RECORDS TO USE
- Opening Delimiter -
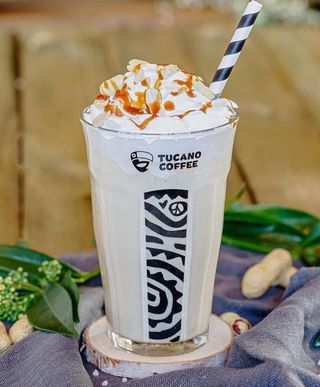 Milkshake cu înghețată* de vanilie și biscuiți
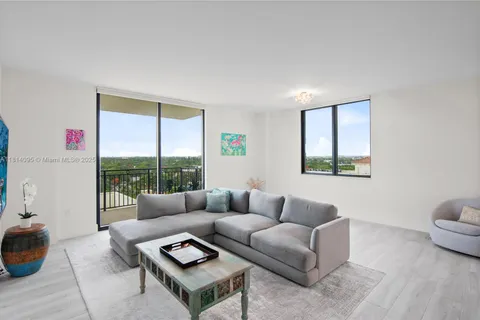 1300 Ponce De Leon Blvd # 1009, Coral Gables FL 33134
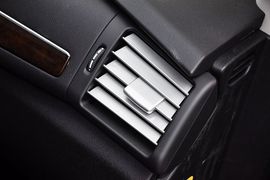 2011款奔驰R350L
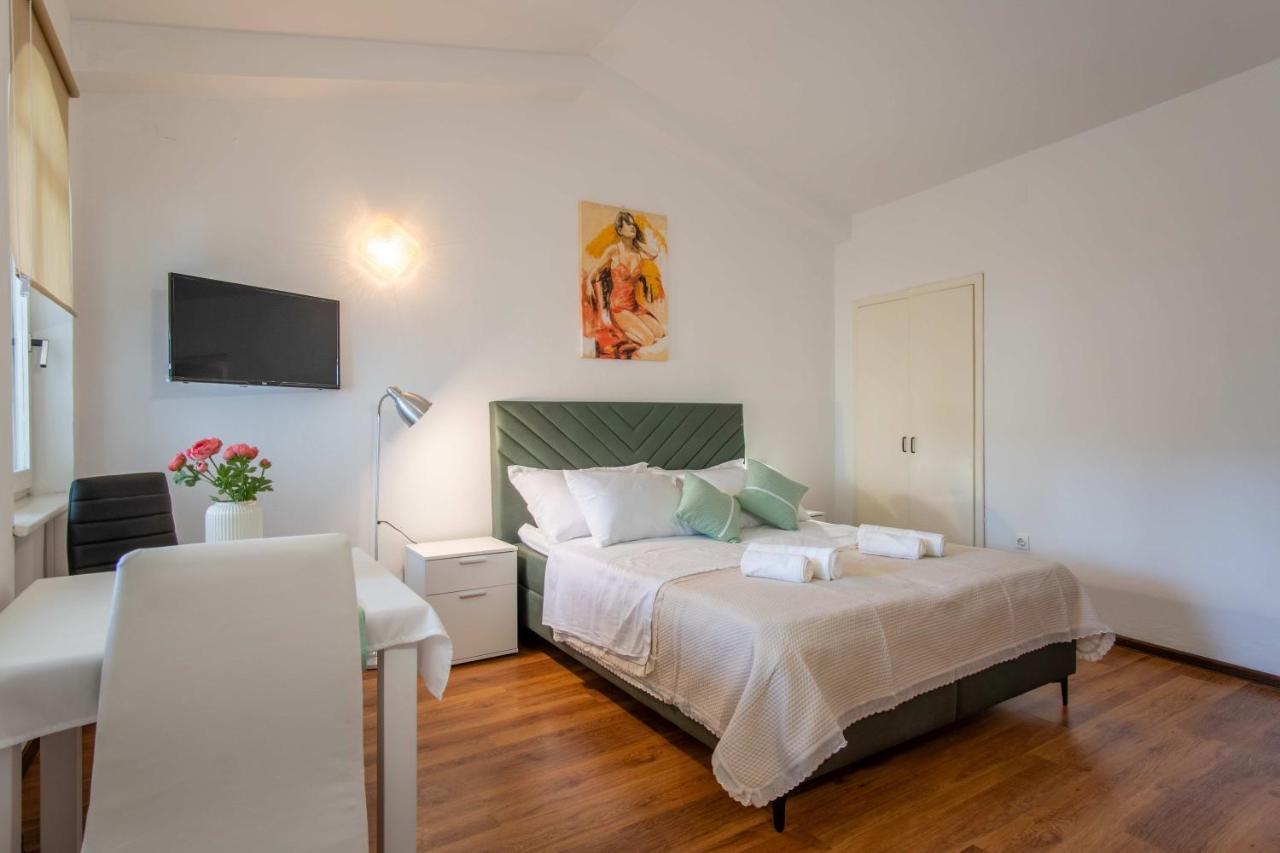 Appartamento Ostaric Mandre Esterno foto
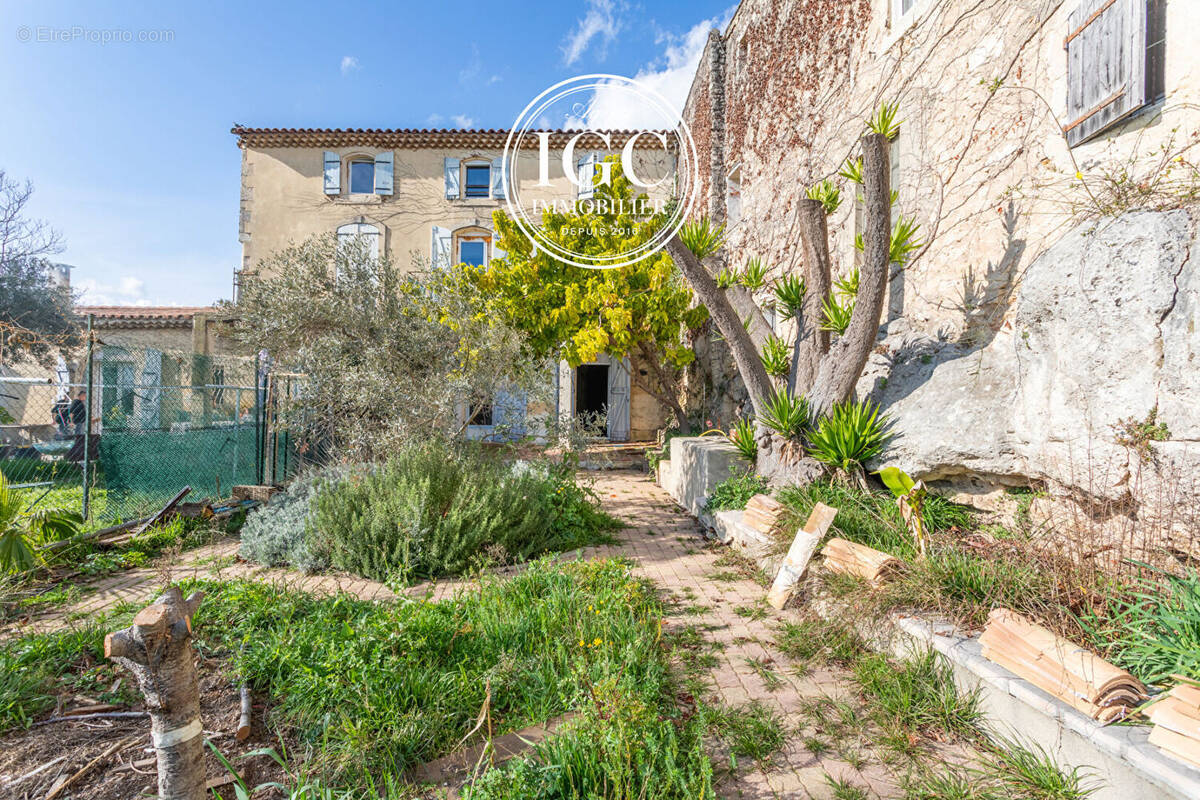 Maison à SAINT-MITRE-LES-REMPARTS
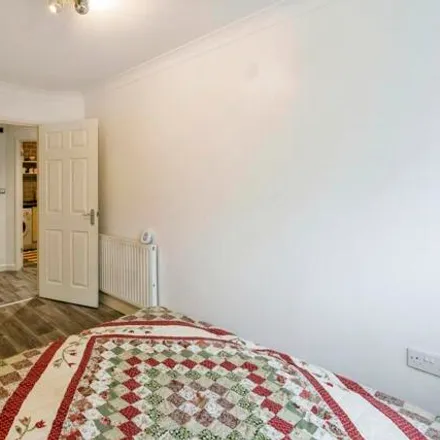 Image 7 - Ringwood Road, Bournemouth, Christchurch and Poole, BH12 4LS, United Kingdom - Apartment for sale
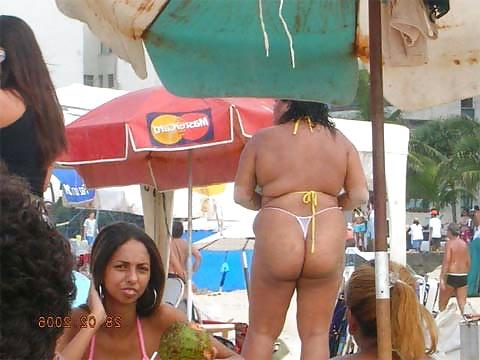 22P Exibicionista na praia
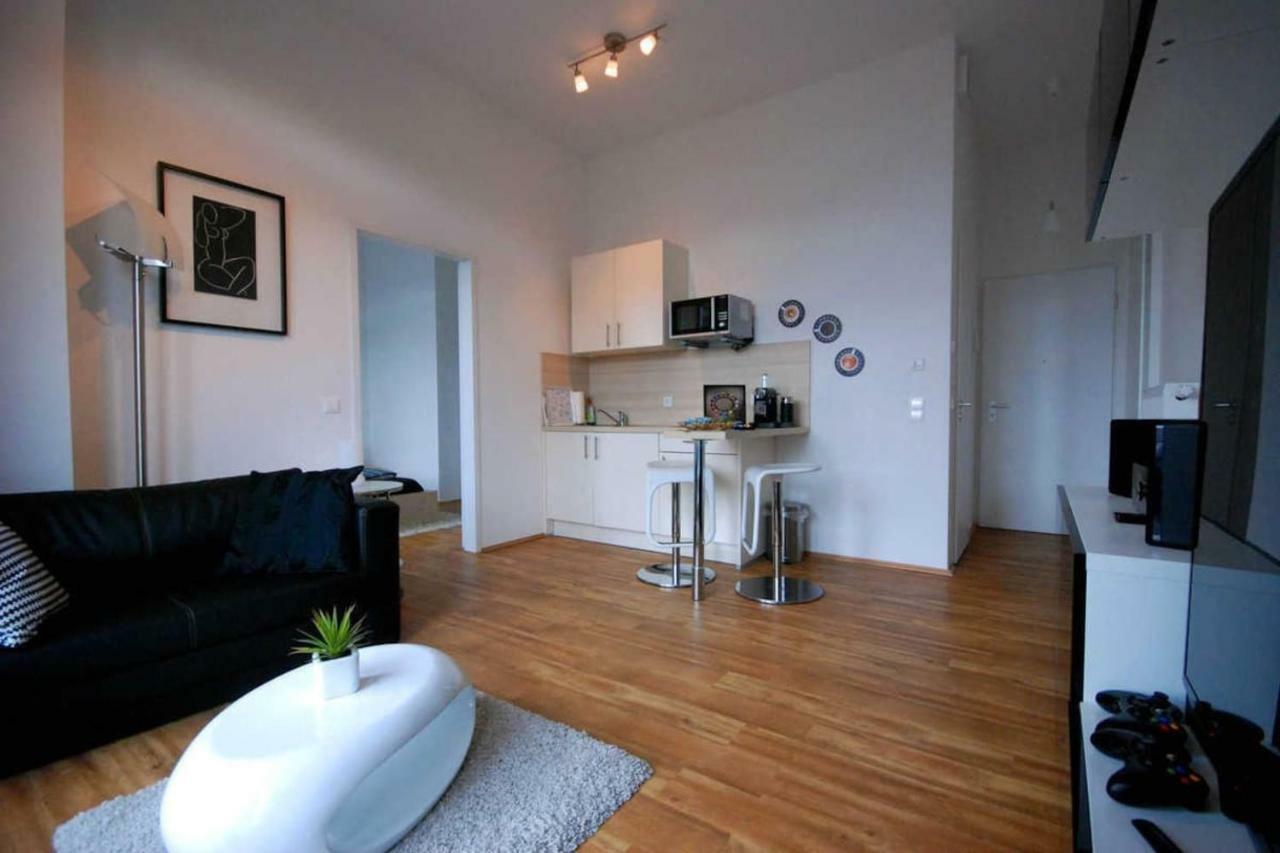 Exklusives Penthouse! Mit Wlan, Tiefgarage, 2 Fernseher Etc. * Köln
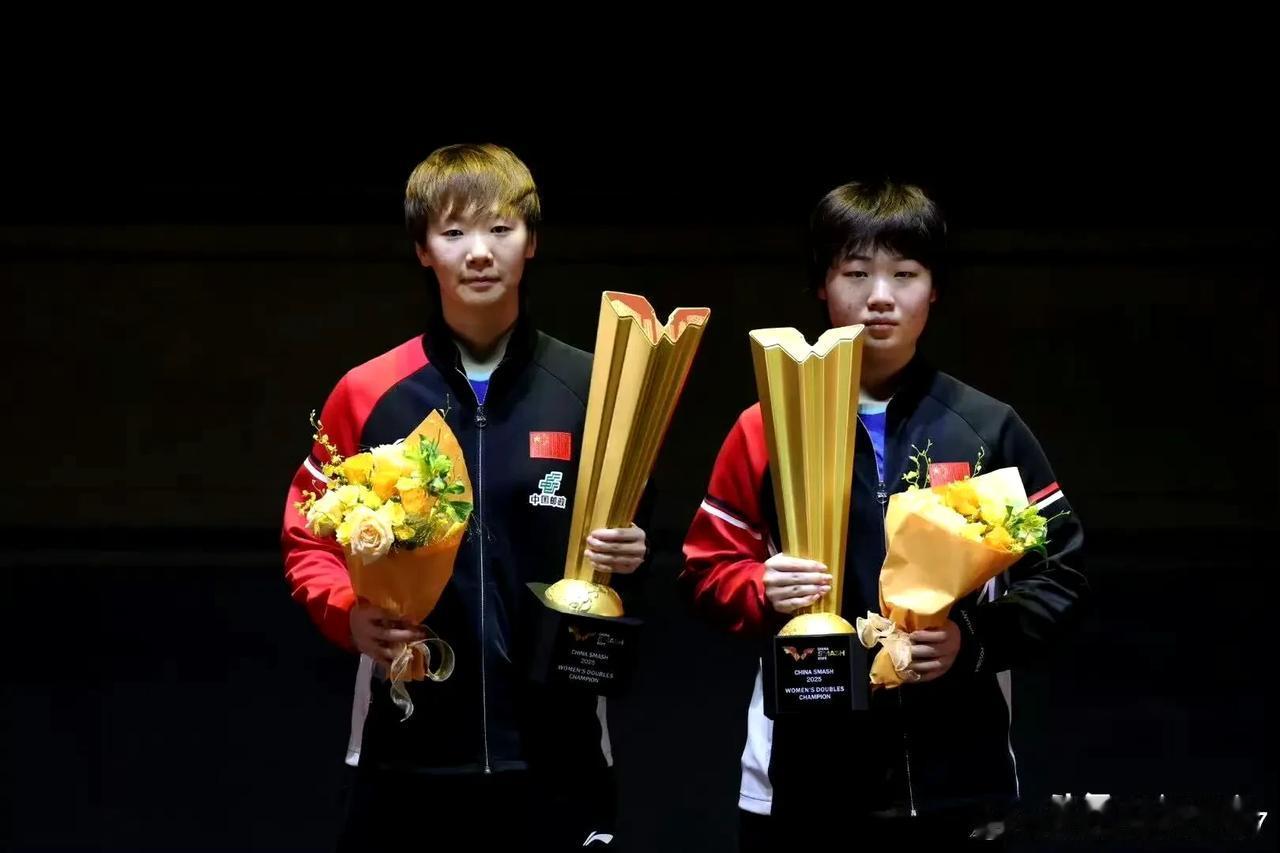 蒯曼晒照了，晒出两张自己过节的照片，里面一张是自己的美甲！蒯曼貌似很喜欢美甲，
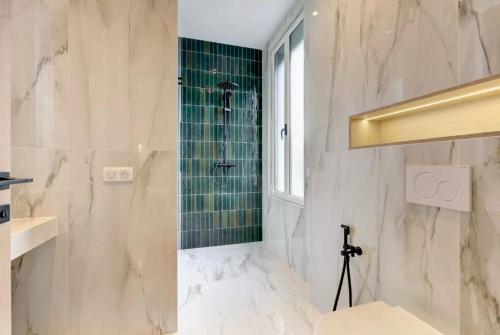 une salle de bain avec douche et toilettes dans l'établissement Luxury Apt Cannes Croisette sea view with terrasse, à Cannes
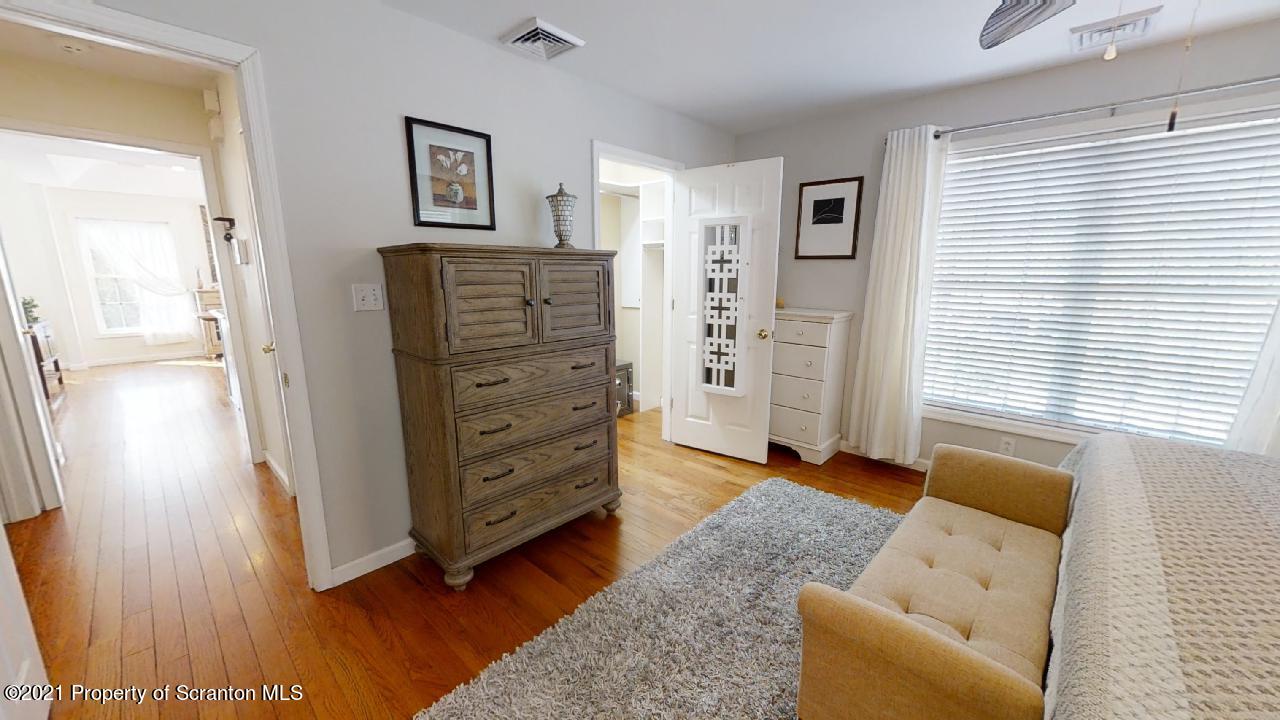 110 T Rt 360 Moscow, PA 18444 - Photo 31 of 58 Gallery Image 31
- Closing Delimiter -
WHAT THE TASK ASKS
Beginning with the line that contains "une salle de", reproduce every line through the end of the records above exactly, leaving pictures out.

EXERCISE ANSWER
 une salle de bain avec douche et toilettes dans l'établissement Luxury Apt Cannes Croisette sea view with terrasse, à Cannes
 110 T Rt 360 Moscow, PA 18444 - Photo 31 of 58 Gallery Image 31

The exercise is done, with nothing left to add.